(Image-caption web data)
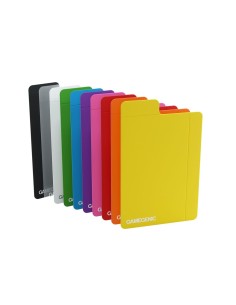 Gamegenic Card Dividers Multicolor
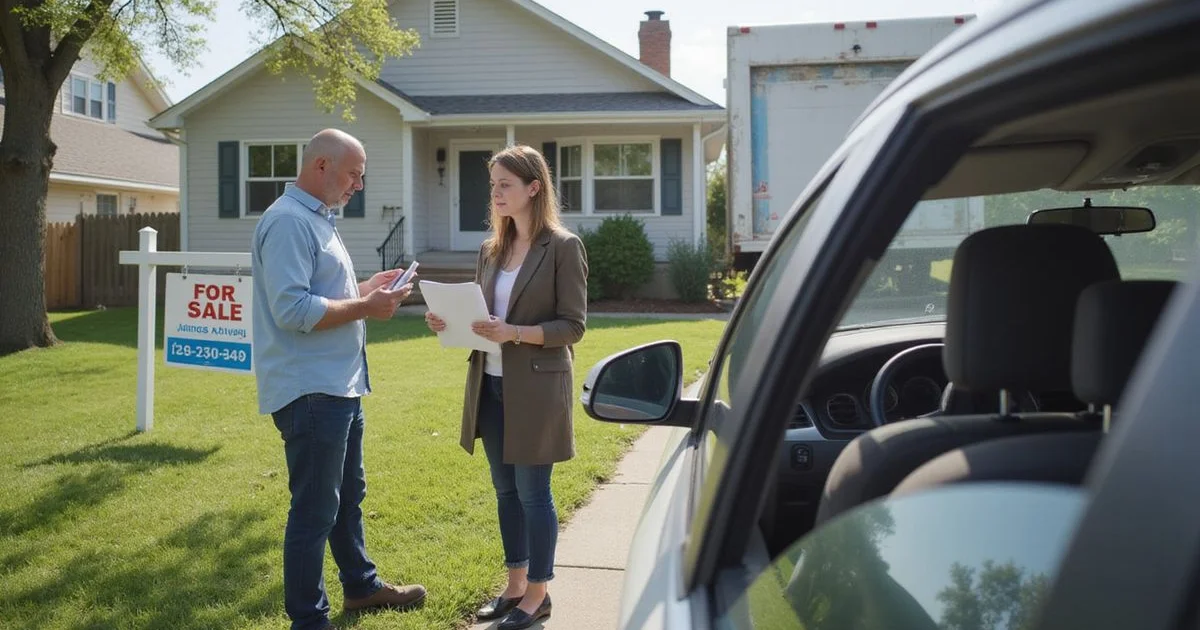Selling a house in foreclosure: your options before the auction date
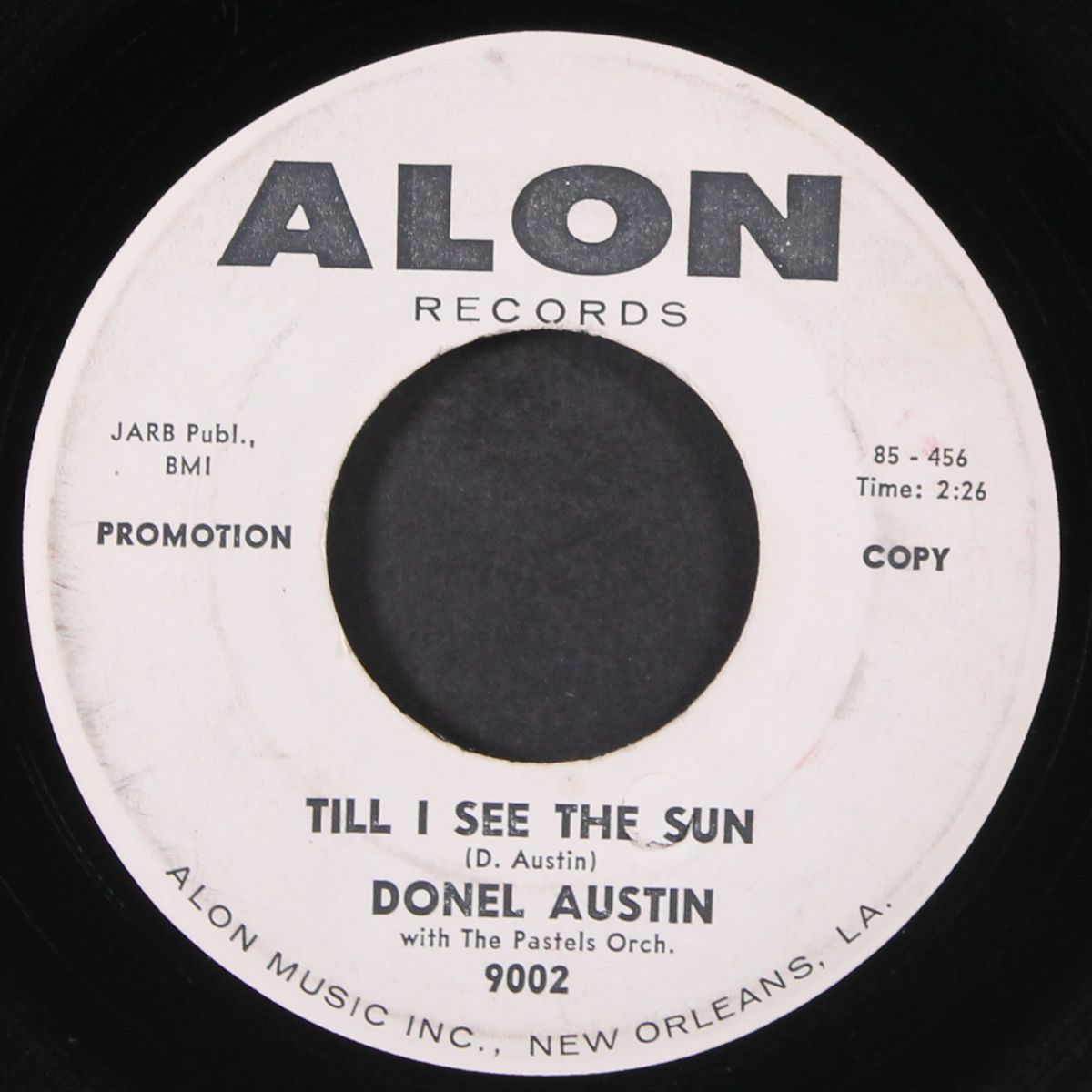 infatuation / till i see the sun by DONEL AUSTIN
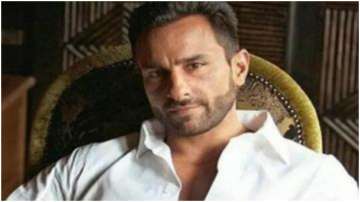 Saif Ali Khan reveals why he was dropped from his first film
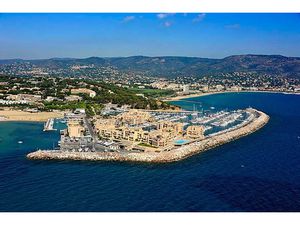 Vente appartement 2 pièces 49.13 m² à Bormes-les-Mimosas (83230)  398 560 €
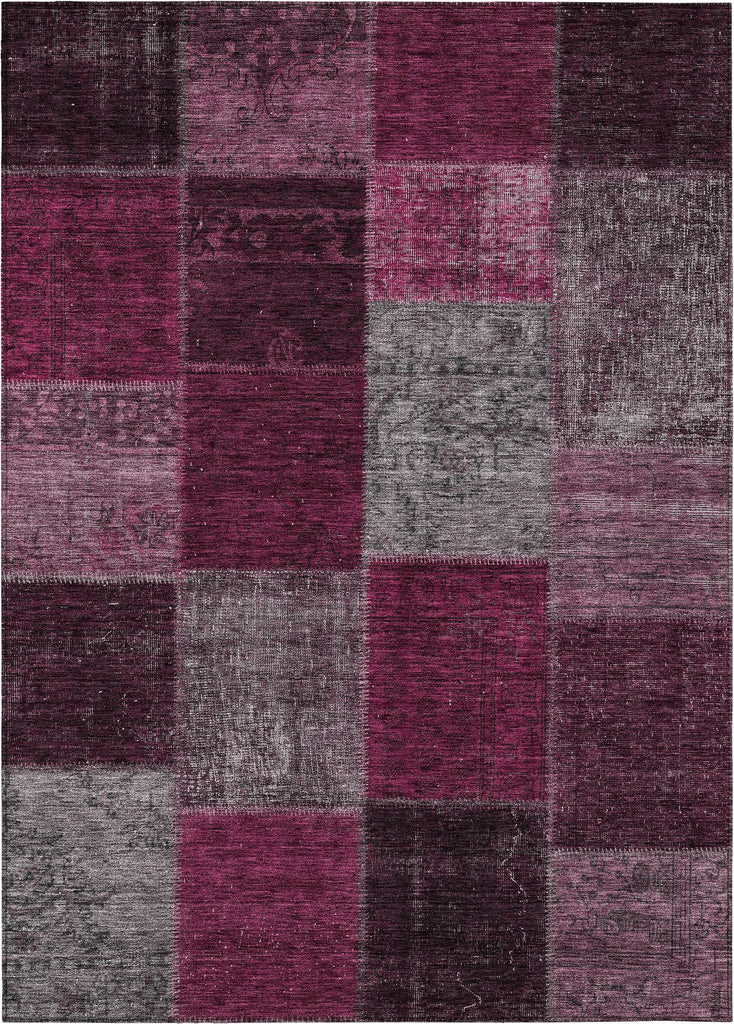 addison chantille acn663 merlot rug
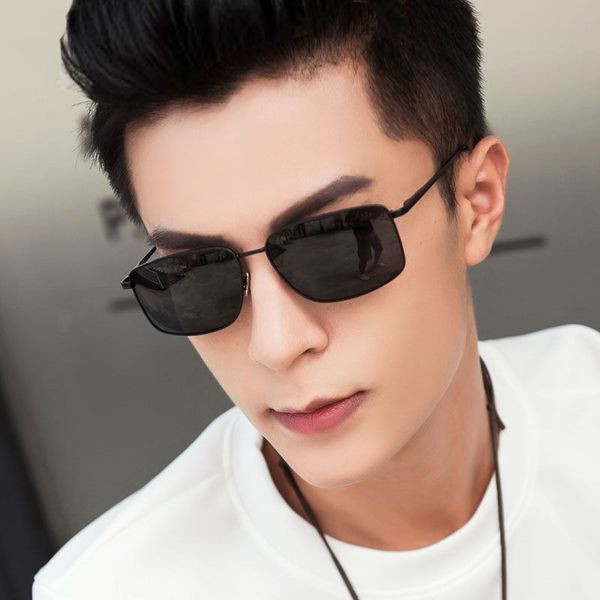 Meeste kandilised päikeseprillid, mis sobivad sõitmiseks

**DESCRIPTION OF THE TASK:** Transcribe each record exactly as it stands, setting aside any pictures.

**PROBLEM SOLUTION:**
 Gamegenic Card Dividers Multicolor
Selling a house in foreclosure: your options before the auction date
 infatuation / till i see the sun by DONEL AUSTIN
 Saif Ali Khan reveals why he was dropped from his first film
 Vente appartement 2 pièces 49.13 m² à Bormes-les-Mimosas (83230)  398 560 €
 addison chantille acn663 merlot rug
 Meeste kandilised päikeseprillid, mis sobivad sõitmiseks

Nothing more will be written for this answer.